Een beheerder kan de inhoud van een .cer-bestand toevoegen aan het EFS-herstelbeleid om de herstelagent voor gebruikers te maken en vervolgens het PFX-bestand importeren om afzonderlijke bestanden te herstellen.
U kunt meerdere mapnamen en jokertekens gebruiken.

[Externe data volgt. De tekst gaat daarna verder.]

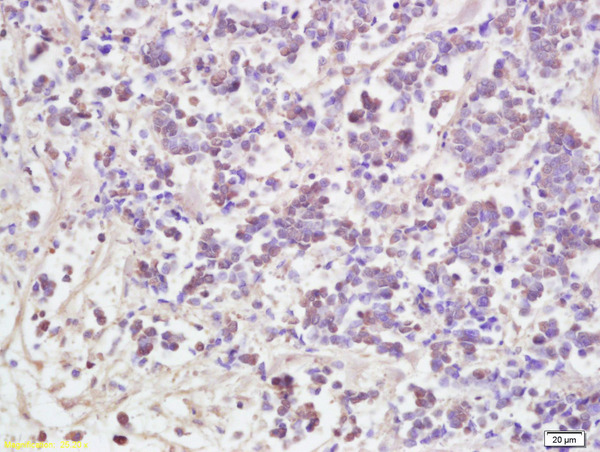 Formalin-fixed and paraffin embedded human lung carcinoma labeled with Anti AATF Polyclonal Antibody, Unconjugated (bs-1229R ) at 1:200 followed by conjugation to the secondary antibody and DAB staining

U moet spaties tussen meerdere parameters plaatsen.
Voorbeelden
Als u de versleutelingsstatus van elk van de bestanden en submappen in de huidige map wilt weergeven, typt u:
cipher
Versleutelde bestanden en mappen worden gemarkeerd met een E-. Niet-versleutelde bestanden en mappen worden gemarkeerd met een U-. De volgende uitvoer geeft bijvoorbeeld aan dat de huidige map en alle inhoud ervan momenteel niet zijn versleuteld:
Listing C:\Users\MainUser\Documents\
New files added to this directory will not be encrypted.
U Private
U hello.doc
U hello.txt
Als u versleuteling wilt inschakelen voor de privémap die in het vorige voorbeeld wordt gebruikt, typt u:
cipher /e private
De volgende uitvoer wordt weergegeven:
Encrypting files in C:\Users\MainUser\Documents\
Private [OK]
1 file(s) [or directorie(s)] within 1 directorie(s) were encrypted.
De opdracht codering geeft de volgende uitvoer weer:
Listing C:\Users\MainUser\Documents\
New files added to this directory will not be encrypted.
E Private
U hello.doc
U hello.txt
Waar de privémap nu is gemarkeerd als versleuteld.